Di final, lawannya lebih besar, lebih kuat, dan lebih berpengalaman. Keduanya terlihat tidak sepadan. Karena kuatir si bocah bisa cedera, wasit menyerukan time-out. Ia bermaksud menghentikan pertarungan.
“Tidak,” sang Sensei interupsi,”Biarkan ia melanjutkan.”
Tak lama sesudah pertarungan mulai, lawannya membuat kesalahan kritikal: ia lalai dalam pertahanannya. Dengan cepat si bocah menggunakan gerakan tunggalnya dan mengunci lawannya. Si bocah pun memenangkan pertarungan dan kejuaraan itu. Dia lah juaranya.
Dalam perjalanan pulang, si bocah dan senseinya mendiskusikan kembali setiap gerakan dalam pertarungan tadi. Akhirnya, si bocah memberanikan diri menanyakan sesuatu yang terus mengganjal di pikirkannya.

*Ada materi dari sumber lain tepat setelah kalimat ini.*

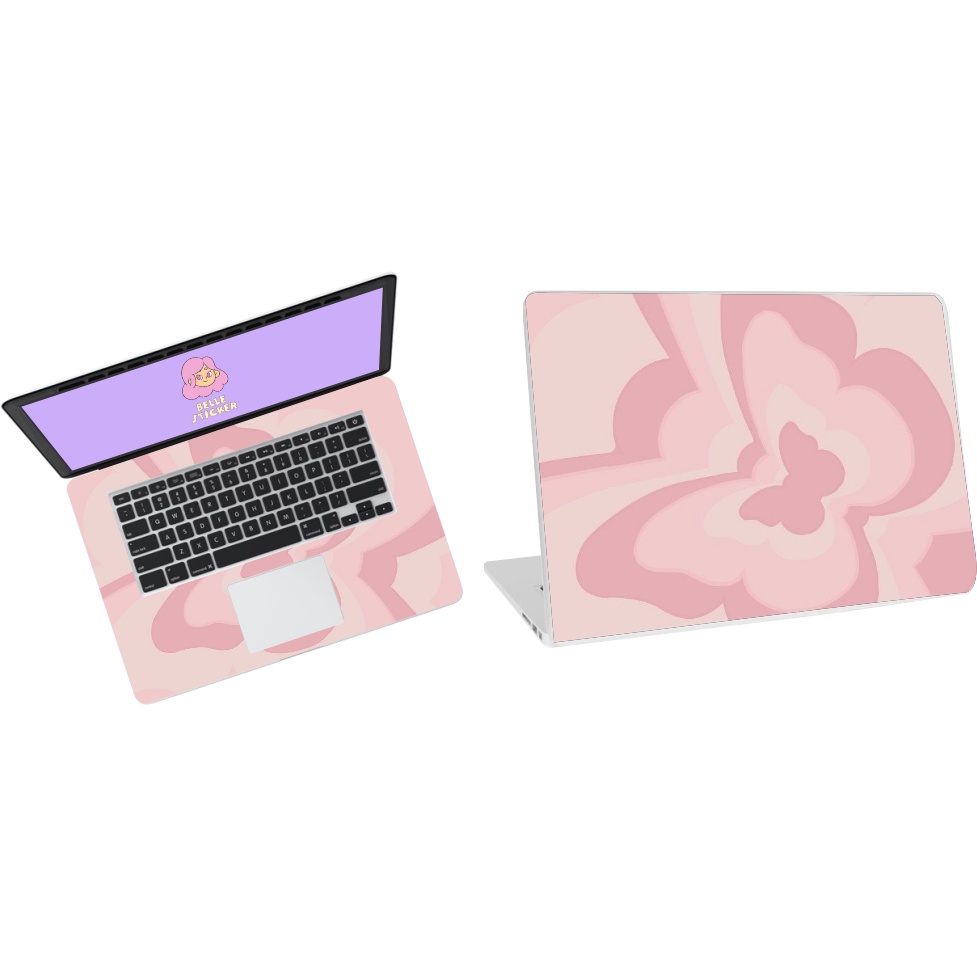 Garskin Sticker Laptop Cover Protector Notebook Skin Garskin Pink Minimalis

“Sensei, bagaimana mungkin saya bisa memenangkan kejuaraan hanya dengan satu gerakan?”
“Kamu menang karena dua alasan!” jawab sang Sensei. “Pertama, kamu telah memahiri salah satu bantingan tersulit dari semua gerakan di judo. Kedua, satu-satunya pertahanan yang telah diketahui terhadap gerakan itu adalah jika lawanmu bisa menangkap lengan kirimu.”

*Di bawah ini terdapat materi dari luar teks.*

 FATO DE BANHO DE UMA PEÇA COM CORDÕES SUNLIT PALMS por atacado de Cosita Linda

Kelemahan si bocah telah menjadi kekuatan terbesarnya.
***
Ungkapan paradoksal seperti di atas banyak ditemui dalam Injil. Ungkapan Paulus pada awal karangan ini adalah contohnya. Dalam Pasal 12 itu Paulus memberitahukan apa kelemahannya, yaitu ”seorang utusan Iblis untuk menggocoh aku”, artinya karena gocohan itu Paulus jadi lemah. Ketika Paulus minta kepada Tuhan agar utusan Iblis itu mundur, Tuhan menjawab: "Cukuplah kasih karunia-Ku bagimu, sebab justru dalam kelemahanlah kuasa-Ku menjadi sempurna." Dalam kelemahan itu, kuasa Kristus turun menaungi Paulus.
Bagaimana mekanismenya? Tidak ada penjelasan spesifik. Bacaan saya dari yang tersirat begini: Pertama, kita perlu menyadari kelemahan diri kita; kedua, kita harus menerima atau berdamai dengan kelemahan itu sebagai bagian dari kehendak (takdir) Tuhan; ketiga, dalam bekerja kita harus mengandalkan pengajaran, bimbingan, dan pimpinan Tuhan, dan dengan demikian kuasa Tuhan nyata (manifested) dalam dan melalui diri kita.
Yang terpenting di sini, jangan menangisi kelemahan Anda, apa pun itu; hindari mengasihani diri sendiri. Jangan marah atau memberontak atas ”keadaan buruk” yang menimpa Anda. Dengan hati lapang, tengadahlah kepada Tuhan dan percayalah: sesungguhnya di balik dan sesudah kelemahan Anda tersebut, sesungguhnya tersedia berkah yang besar. Dengan kata lain, ubahlah pasir Anda menjadi mutiara yang berkilau, dan dalam proses itulah Tuhan menolong Anda. Jadi, janganlah sedih. Bergembiralah sebab Tuhan itu baik.